Янтарная сакма - страница 32

Шрифт
Интервал

стр.

— Вот чего я люблю, так это девчат и свежий хлеб, только вынутый из печи. — Иван Третий встал поперёд всех своих бояр, первым пошёл навстречу псковскому мирному ходу. Отломил кусок хлеба, макнул в соль, прожевал, потом начал целовать девчат.

Они хохотали, пробовали увернуться, смяли колонну церковников. Те забуркотели совсем не церковными словами.

— Всё! Всё! Похристосовались и разошлись! — рыкнул на церковников великий князь Московский. — Шуйский!

Перед великим князем предстал конюший Шуйский, уже с румянцем на щеках и с запахом весёлого зелья.

— Вон ту поляну видишь? — показал пальцем Иван Третий. — Вот, командуй холопам, чтобы туда перевозили всё добро, чем угостить человек пятьсот: псковичей, ганзейцев да наших, конечно, и татар, если похотят. А нас здесь, возле шатра прикрой стрельцами. Говорить будем. Эти... псковские купцы, Проня и Бусыга... они здесь?

— Здесь, великий князь.

— Книгочеи кремлёвские здесь?

— Привезли. Под немалой охраной.

— Ну, давай, Шуйский, распоряжайся. Я своим делом займусь.

За княжьим столом сели ровно, не по лествичному уставу[30], будто не денежный прогал государства сели обсуждать, а весёлое брачное сватовство.

От псковских купеческих старшин пришёл и долго усаживался Семён Бабский. У него из-за громадности тела голос звучал совсем тонко, как у замужней бабы. Так и прилипла к нему городская кличка — Бабский. Только он да великий князь Московский знали, что этой ночью псковская купеческая община передала конюшему московского князя, Мишке Шуйскому, четыре бочки серебра. Шуйский принял под тремя печатями каждую бочку. На двадцать тысяч рублей серебра в русской, арабской и ганзейской монете пряталось в тех бочках. Мишка Шуйский уже проверил — правильное серебро в бочках оказалось...

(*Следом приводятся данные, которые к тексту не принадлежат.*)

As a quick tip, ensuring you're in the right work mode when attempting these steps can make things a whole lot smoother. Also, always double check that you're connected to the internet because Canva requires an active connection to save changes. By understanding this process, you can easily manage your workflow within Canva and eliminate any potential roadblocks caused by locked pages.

От ганзейского купечества подал рескрипт[31] на ведение дел сам магистр города Нарвы. Собственно, за этим столом решали дела только великий князь Московский, магистр города Нарвы и Семён Бабский.

— Я, понятное дело, говорю от всей земли Русской, — сказал в застольную тишину Иван Третий. — Завершальное слово стану тоже я говорить последним. После меня даже мышь не пискнет. Споров уже не будет...

Великий князь и договорить не успел, как на гульбанной поляне вдруг завизжали, в разные стороны побежали люди. К шатру великого князя неслись три татарских всадника, орали:

— Ольгерд, князь Литовский! Ольгерд, князь Литовский!

— Вот те, литвин поганый! — выругался Иван Третий. — Неужли нас обошёл своим войском и сейчас нападёт, сволочь?

Три татарина подскакали к самому шатру, кулями свались с седел, пали в ноги Ивана Третьего. Иван Третий сделал мрачное и презрительное лицо. Татарин, что имел знак тысяцкого на шапке и на правом плече, докончил орущий клич:

— Ольгерд, князь Литовский, оставил нам на поживу три сотни своего войска, а сам, один, ушёл о двуконь в Эстляндию! А большие лодки, с пушками, они горят!

Воевода псковский зло сплюнул и погрозил татарскому тысяцкому кулаком. Иван Третий выругался про некоего Бога Зурвана[32] персидским неприличным словом, ведь татарским матом нельзя, потом спросил:

— Сколько я должен татарскому войску, раз Ольгерда не взяли?

— Нет, великий князь, ты не должен ничего. Ведь мы литвин догола пограбили! Только половину мешка серебра дай, а так — ничего!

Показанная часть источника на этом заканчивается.